ODNI Lawyer Bob Litt Says There's No NSA Data Sharing With Law Enforcement… If You Don't Count The FBI, DEA, Etc.
from the a-fine-guest-post-full-of-classic-debunkables dept
Just when we thought some surveillance reforms might stick, the administration announced it was expanding law enforcement access to NSA data hauls. This prompted expressions of disbelief and dismay, along with a letter from Congressional representatives demanding the NSA cease this expanded information sharing immediately.
This backlash prompted Office of the Director of National Intelligence General Counsel Robert Litt to make an unscheduled appearance at Just Security to explain how this was all a matter of everyone else getting everything wrong, rather than simply taking the administration at its word.
There has been a lot of speculation about the content of proposed procedures that are being drafted to authorize the sharing of unevaluated signals intelligence. While the procedures are not yet in final form, it would be helpful to clarify what they are and are not. In particular, these procedures are not about law enforcement, but about improving our intelligence capabilities.
As Litt explains it, everything about this is lawful and subject to a variety of policies and procedures.
These procedures will thus not authorize any additional collection of anyone’s communications, but will only provide a framework for the sharing of lawfully collected signals intelligence information between elements of the Intelligence Community. Critically, they will authorize sharing only with elements of the Intelligence Community, and only for authorized foreign intelligence and counterintelligence purposes; they will not authorize sharing for law enforcement purposes. They will require individual elements of the Intelligence Community to establish a justification for access to signals intelligence consistent with the foreign intelligence or counterintelligence mission of the element. And finally, they will require Intelligence Community elements, as a condition of receiving signals intelligence, to apply to signals intelligence information the kind of strong protections for privacy and civil liberties, and the kind of oversight, that the National Security Agency currently has.
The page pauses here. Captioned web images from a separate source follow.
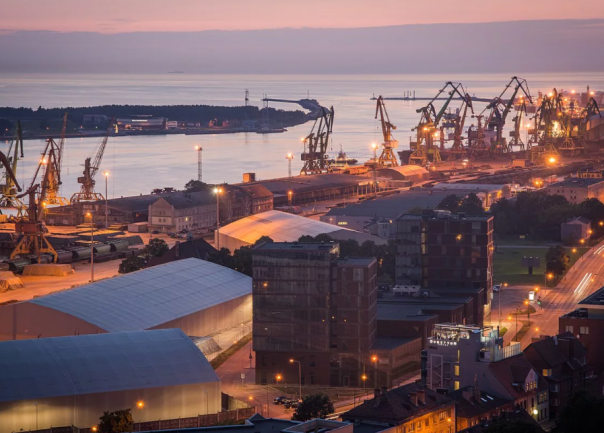 Прибалты снова грозят России кулачками из-за белорусского транзита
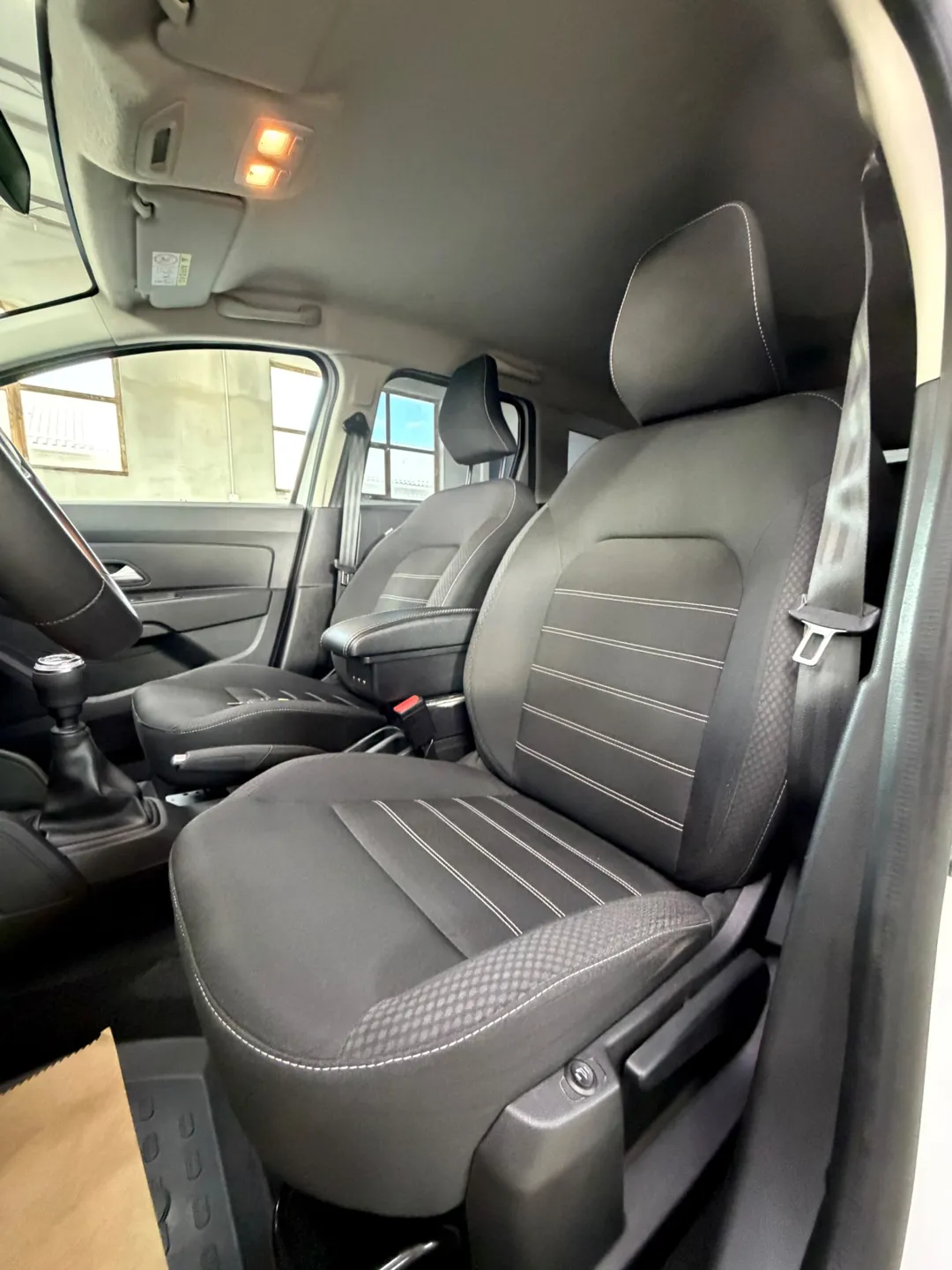 Dacia Duster Blue dCi 115 4WD Comfort - Imagine 17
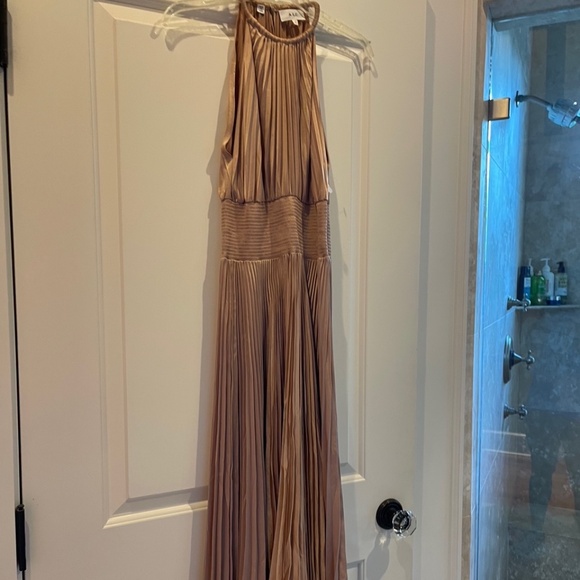 NWOT A.L.C. Renzo Pleated Midi Dress in Beige Size 4 - Picture 11 of 16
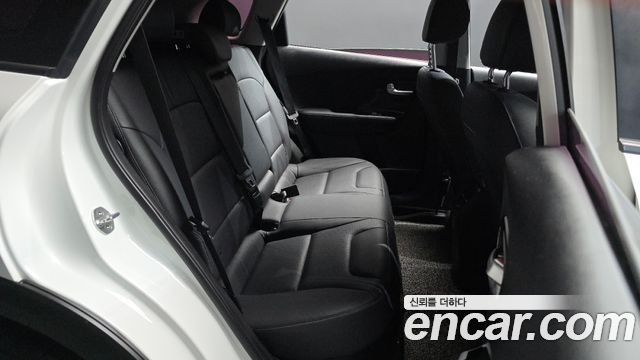Kia Niro 2018 — photo 11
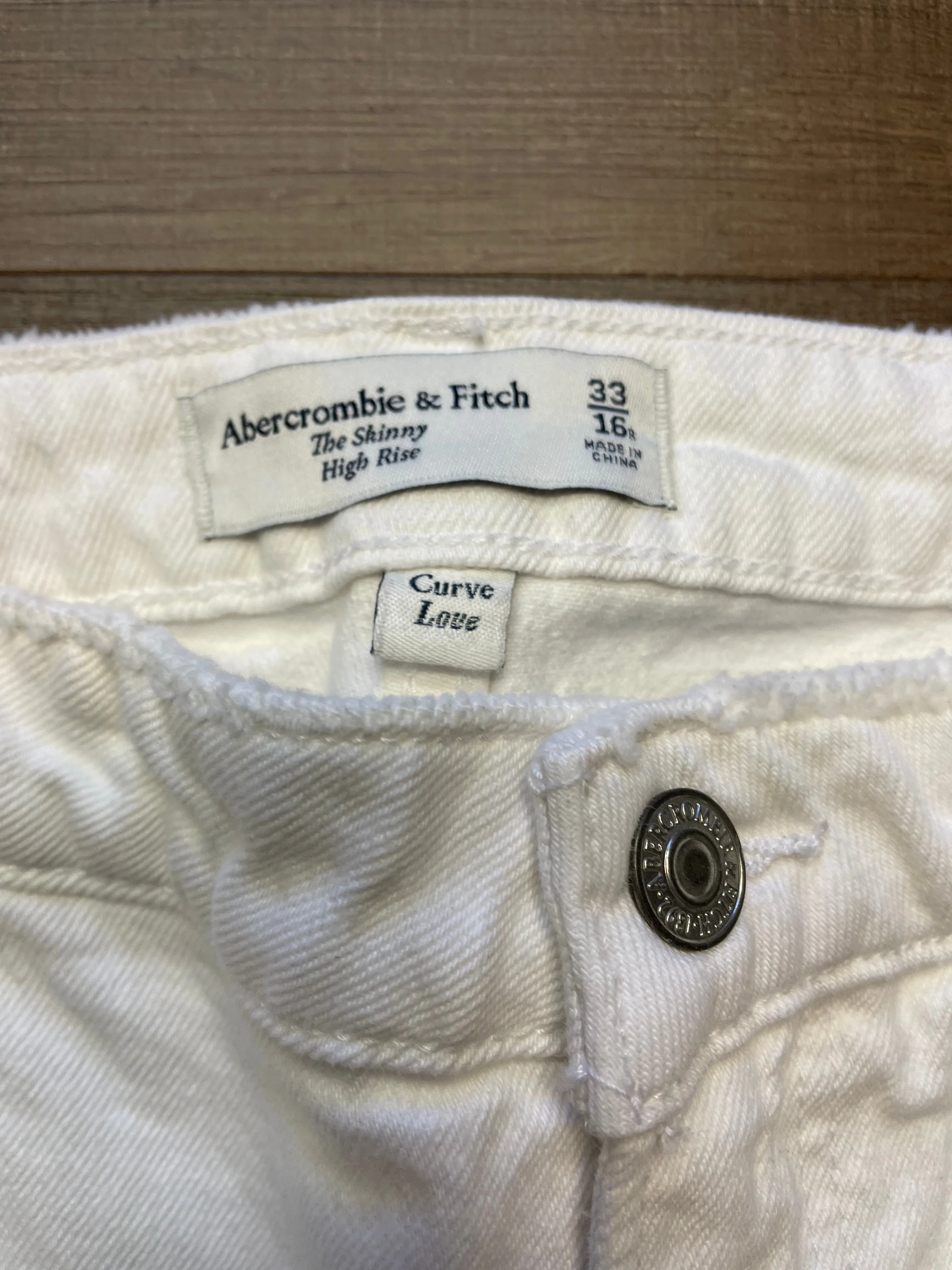 Abercrombie & Fitch The Skinny High Rise Women's Jean (16R)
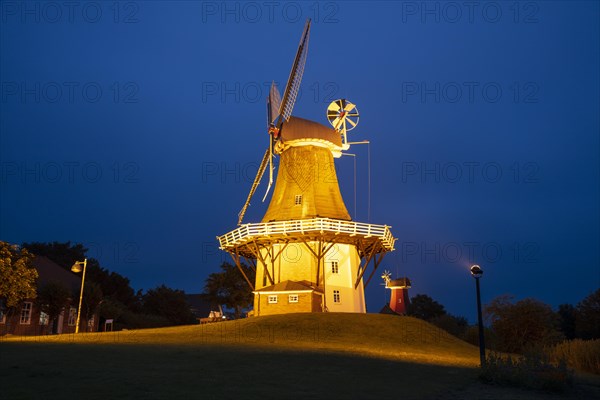 Illuminated Greetsiel twin mills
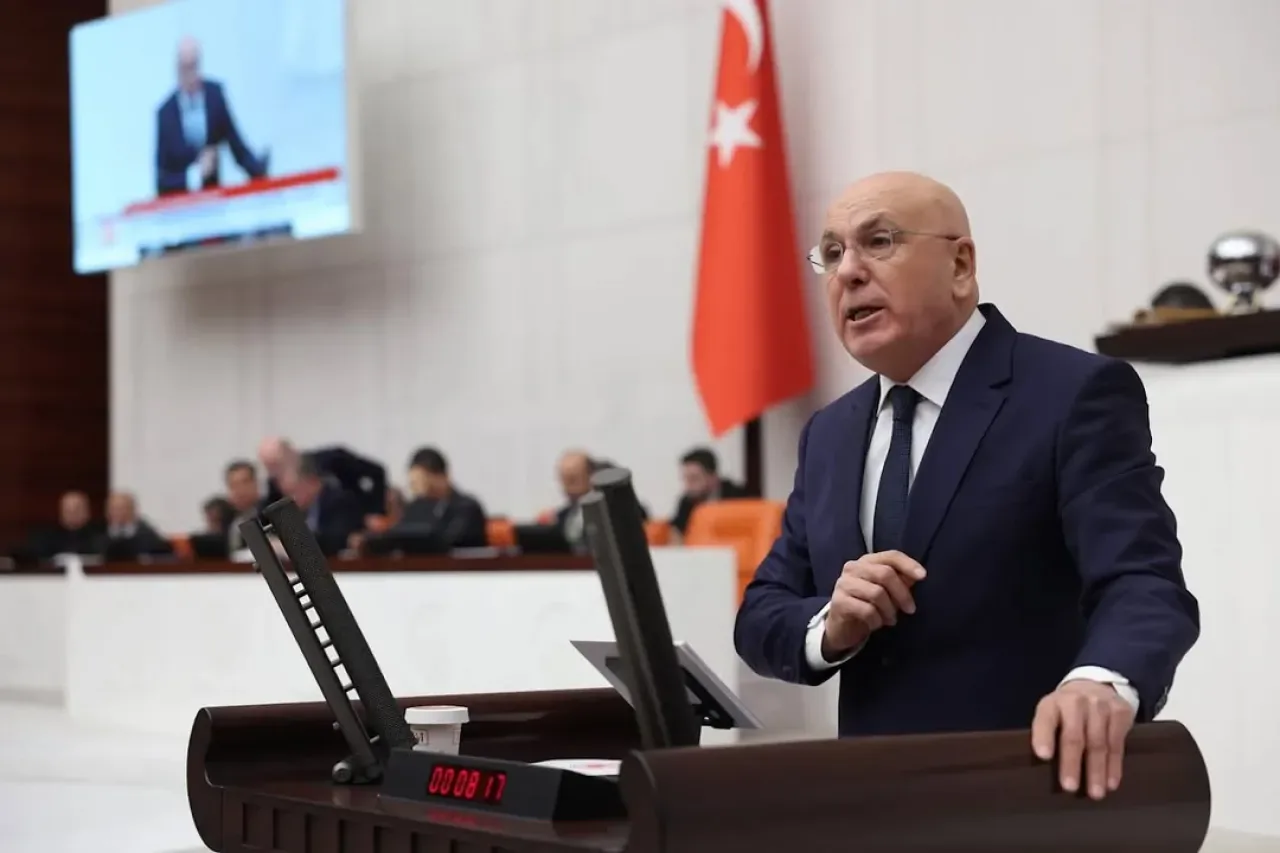 AK Parti Balıkesir Milletvekili İsmail Ok, TBMM'de 2024 Bütçe Görüşmelerini Değerlendirdi AK Parti Balıkesir Milletvekili İsmail Ok, TBMM'de 2024 Bütçe Görüşmelerini Değerlendirdi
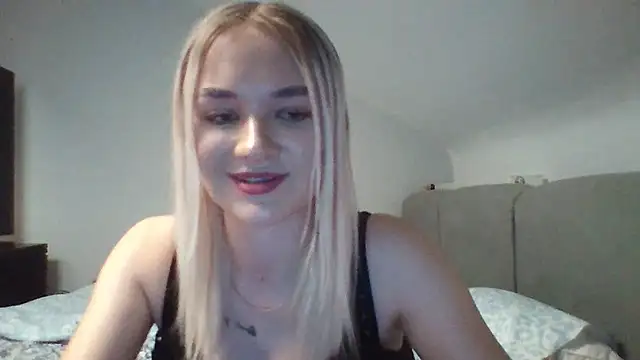 RoseSexyBlonde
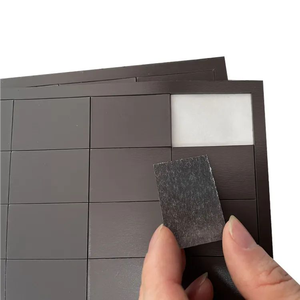 Ruban magnétique Flexible à pois, feuilles aimantées découpées avec adhésif arrière pour réfrigérateur, ruban magnétique pour l'artisanat - Product Image 1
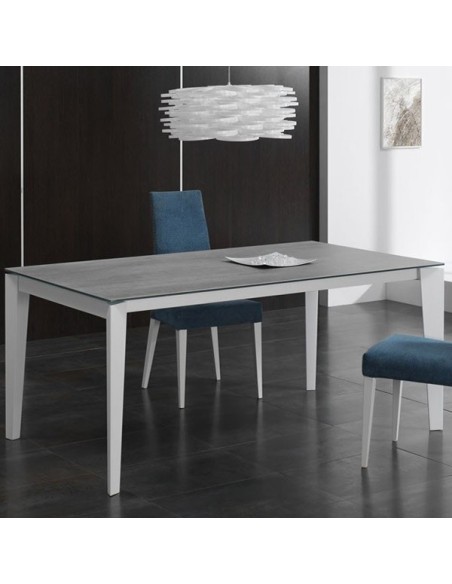mesa extensible modelo Geo con tapa porcelánica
So, this all sounds like it has nothing to do with law enforcement. Just intelligence “elements” from the community. Except that law enforcement and intelligence agencies are hardly separate entities. We already know the NSA is allowed to “tip” data to the FBI if it might be relevant to criminal investigations. There’s no clear dividing line between intelligence and law enforcement — not with law enforcement’s steady encroachment into national security territory. When Litt says “only intelligence agencies,” he’s actually referring to several law enforcement agencies, as Marcy Wheeler points out.
As a threshold matter, both FBI and DEA are elements of the intelligence community. Counterterrorism is considered part of FBI’s foreign intelligence function, and cyber investigations can be considered counterintelligence and foreign intelligence (the latter if done by a foreigner). International narcotics investigations have been considered a foreign intelligence purpose since EO 12333 was written.
In other words, this sharing would fall squarely in the area where eliminating the wall between intelligence and law enforcement in 2001-2002 also happened to erode fourth amendment protections for alleged Muslim (but not white supremacist) terrorists, drug dealers, and hackers.
So make no mistake, this will degrade the constitutional protections of a lot of people, who happen to be disproportionately communities of color.
And, to go back to Litt’s statement, the whole thing starts with a dodge:
These procedures will thus not authorize any additional collection of anyone’s communications…
This is something no one has actually claimed. What people are concerned about is the NSA using its massive collection abilities to become an extension of domestic law enforcement, rather than the foreign-focused entity it’s supposed to be.
And, as for Litt’s claims that everything is subject to clearly-defined rules on minimization, those are also false. First off, the expanded permissions originate under Executive Order 12333, which has been revised in secret on more than one occasion — all without the full participation of Congressional oversight. Not only that, but agencies that are recipients of unminimized data from the NSA are supposed to apply their own minimization procedures to better ensure “strong protections for privacy and civil liberties.” Wheeler notes that two recipients have yet to put any minimization procedures in place, despite having had years to do so.
I also suspect that Treasury will be a likely recipient of this data; as of February 10, Treasury still did not have written EO 12333 protections that were mandated 35 years ago (and DEA’s were still pending at that point).
The backdoor search loophole has yet to be closed (which gives the FBI access to unminimized data and communications obtained via Section 702) and these agencies — along with two consecutive, very compliant administrations — have been tearing down any walls between the NSA and law enforcement for several years now.
Litt’s reassurances are worthless. It namechecks all the stuff we know is mostly worthless: oversight, minimization procedures, the frankly laughable idea that the FBI cares more about privacy and civil liberties than making busts, etc. and asks us to believe that a tangled thicket of secretive agencies and even-more-secretive laws are all designed to protect us from government overreach.